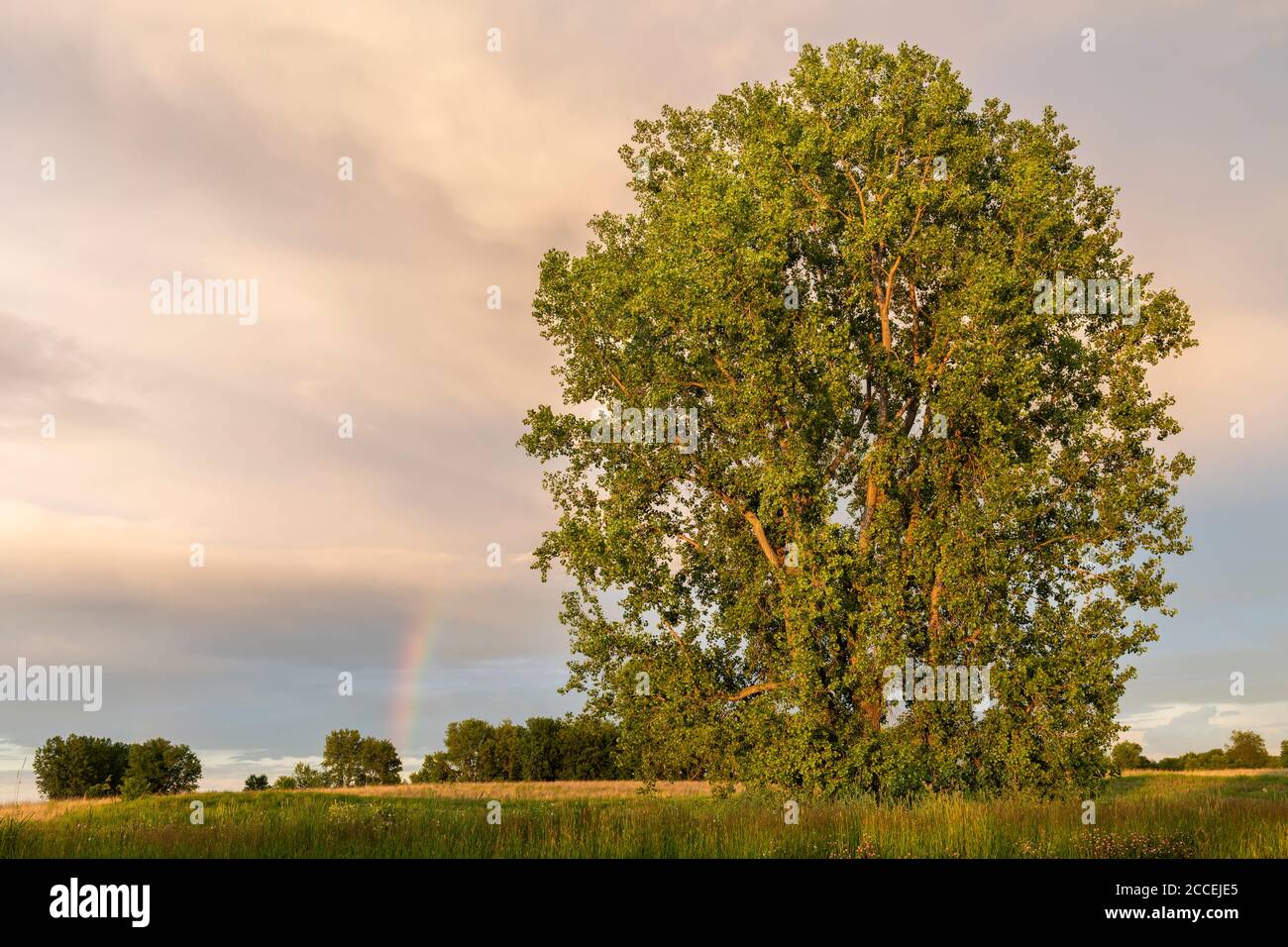 Stormy sky & rainbow, E. Cottonwood (Populus deltoides) tree, Summer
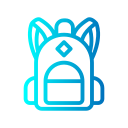 bolsa icon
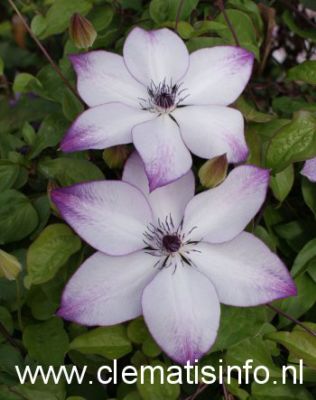 Clematis 'Fond Memories' (SUCCESS)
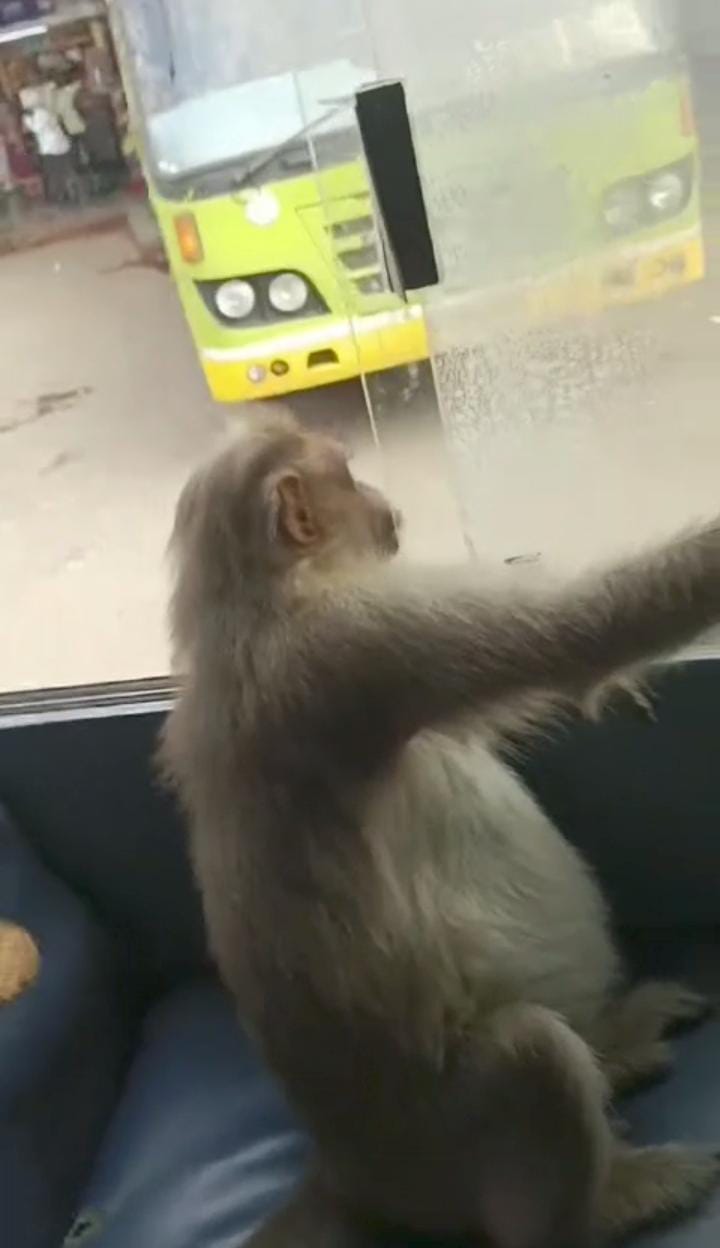 KSRTC ಬಸ್ ಏರಿ ‘ಮಂಕಿ’ ಜಾಲಿ ರೈಡ್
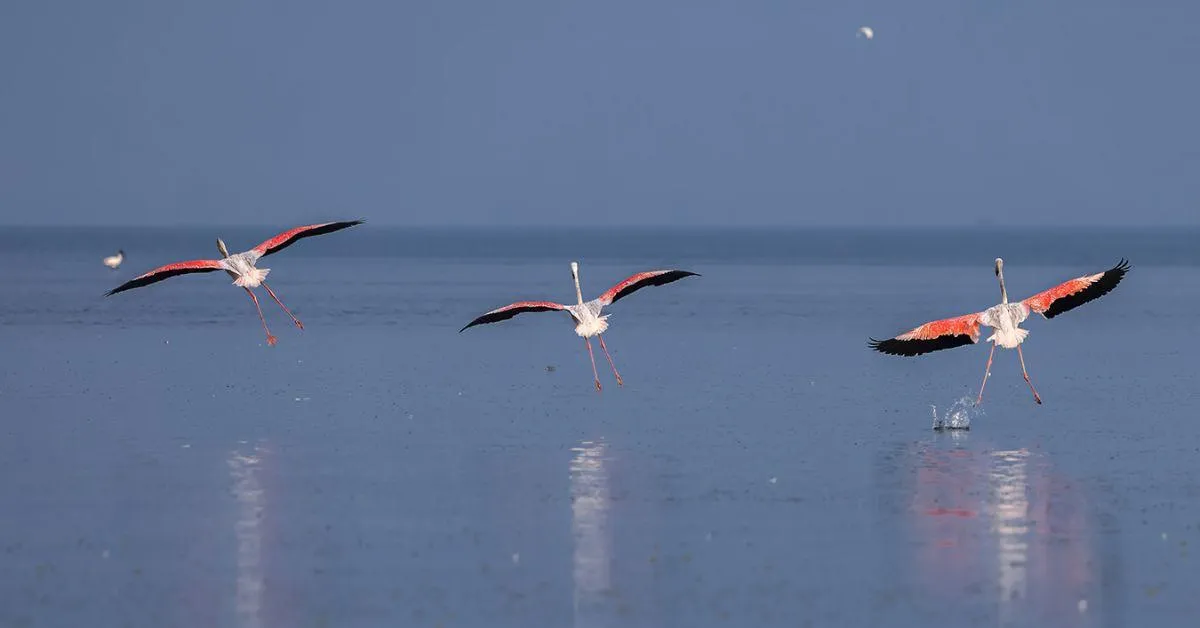 flamingos leaving the lake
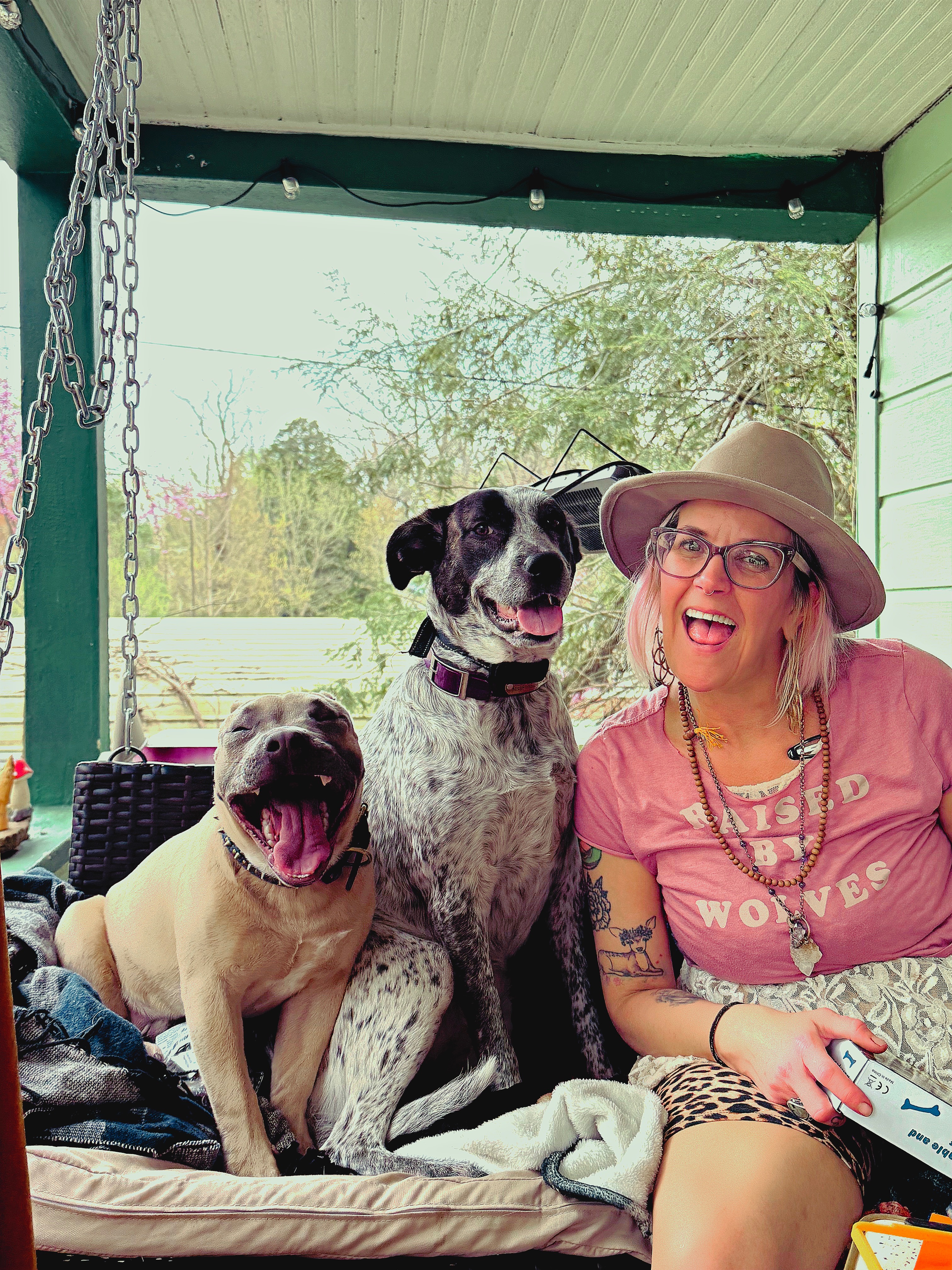 Fundraiser by Missy Hileman : Help build a Fence for Missy, Jasper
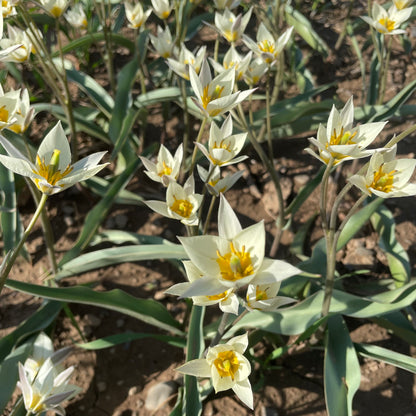 Species Tulip turkestanica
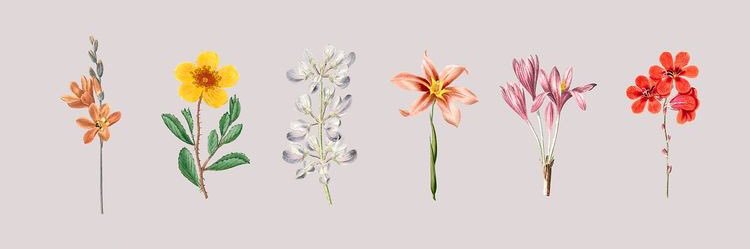conmandarinas's profile banner image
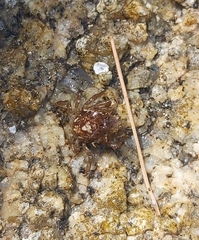 Acanthonyx lunulatus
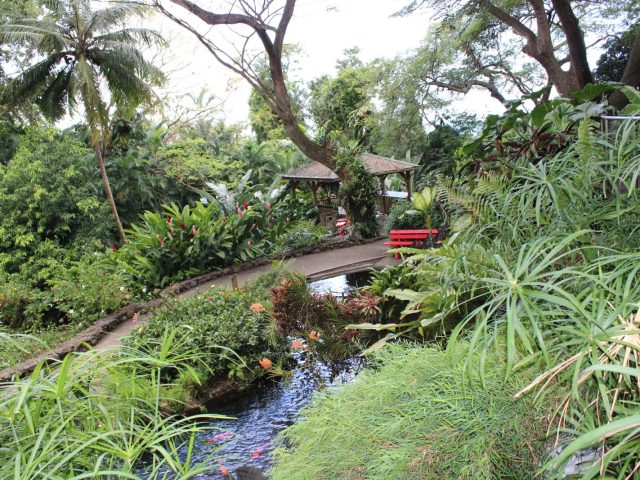 PHOTO JARDIN BOTANIQUE 3 (Copy)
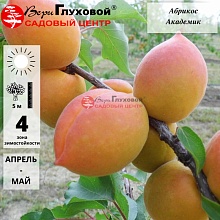 Абрикос Академик (средний сорт)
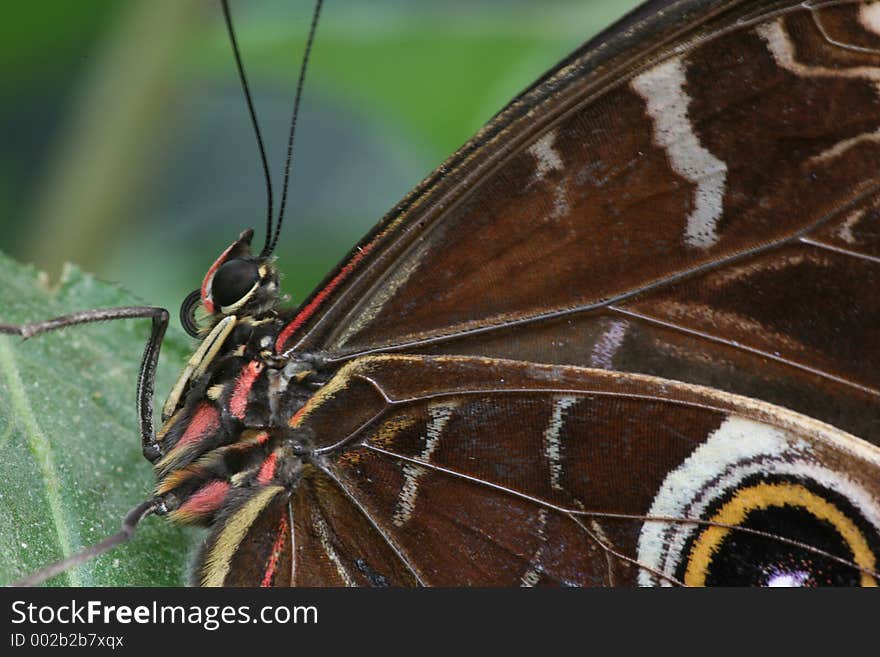 Butterfly red and brown. Butterfly red and brown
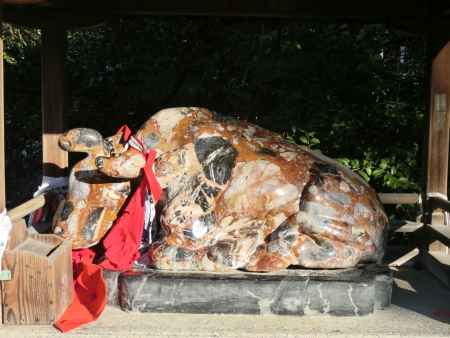 北野天満宮 牛1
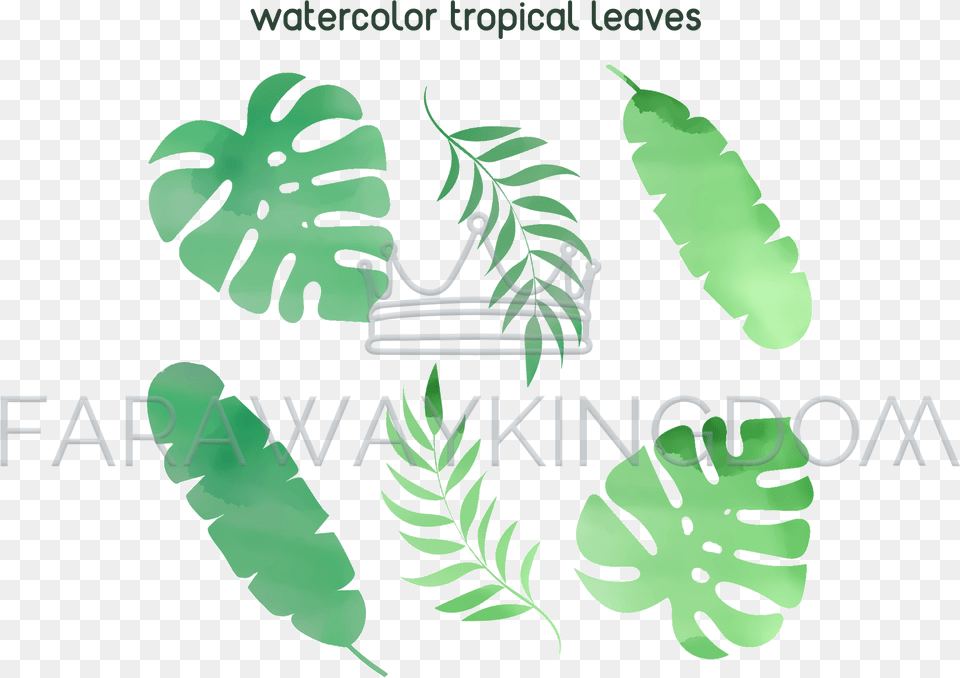 Watercolor Tropical Leaf Summer Vector Illustration Set Illustration, Plant, Vegetation, Fern, Herbal Png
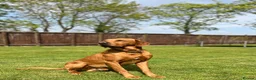 Labrador Retriever dogs for sale: KC Registered Fox Red Labrador Puppies - Advert 2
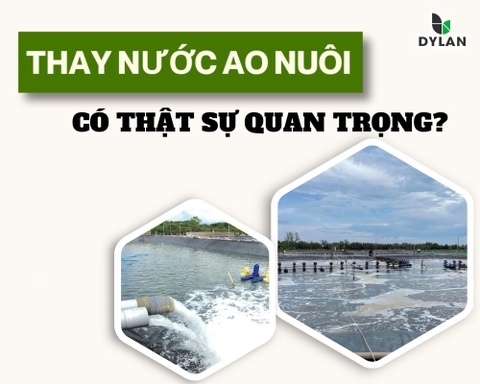 Việc thay nước cho ao nuôi có thật sự quan trọng trong nuôi trồng thủy sản?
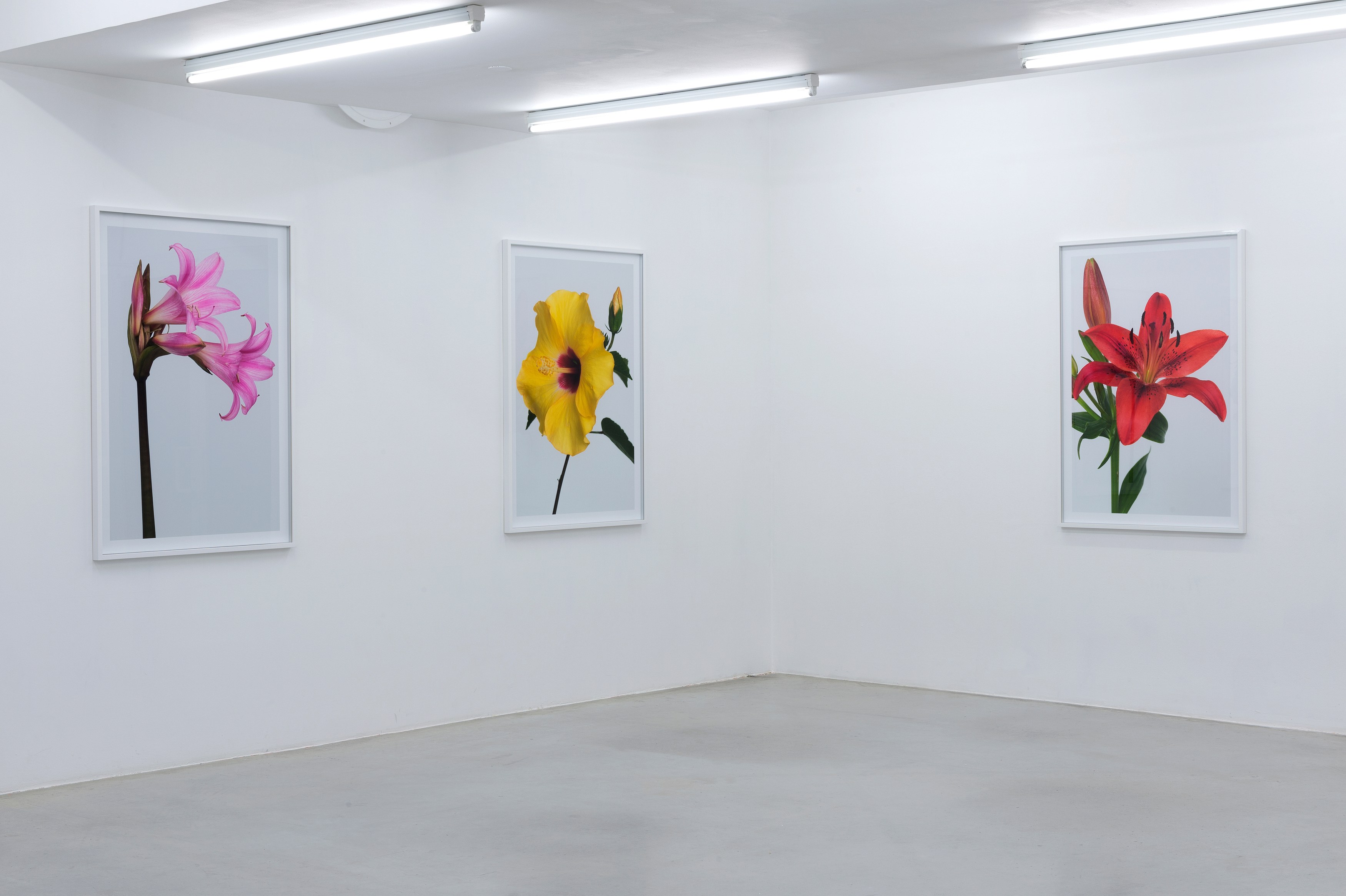 Pierre Joseph, #pierrejosephredouté at Air de Paris, photo 4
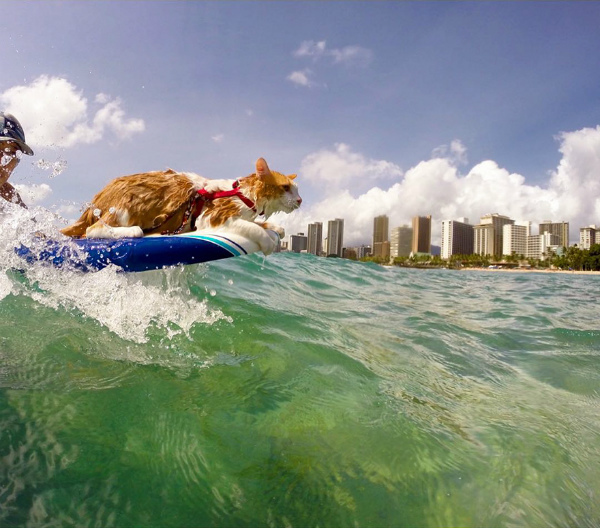 4-gatto-ama-mare-e-surf-3.jpg
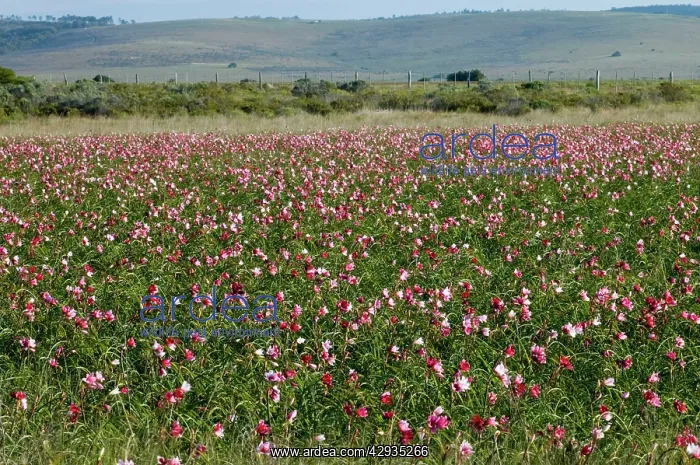  : Vlei Lily - view with hills, occur in temporary
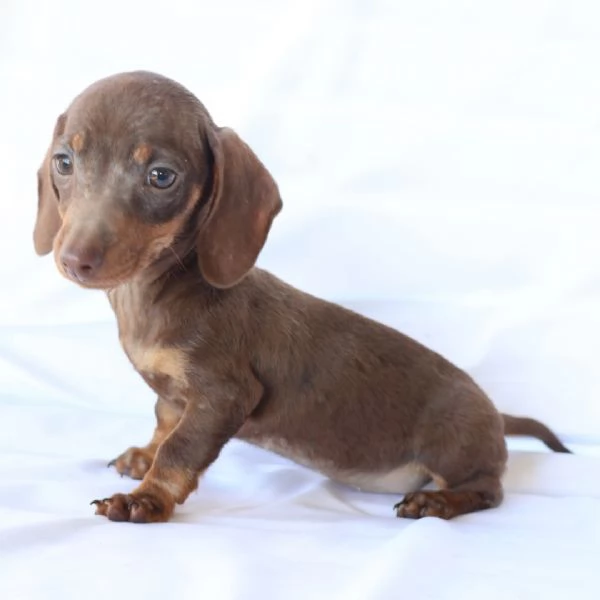 Cucciolo di bassotto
#####
▶ [Problem statement]
Above are some records. Output exactly the lines from the one that contains "Labrador Retriever dogs" to the one that contains "4-gatto-ama-mare-e-surf-3.jpg", keeping both, and omit the pictures.

▶ [Expected answer]
 Labrador Retriever dogs for sale: KC Registered Fox Red Labrador Puppies - Advert 2
 Việc thay nước cho ao nuôi có thật sự quan trọng trong nuôi trồng thủy sản?
 Pierre Joseph, #pierrejosephredouté at Air de Paris, photo 4
 4-gatto-ama-mare-e-surf-3.jpg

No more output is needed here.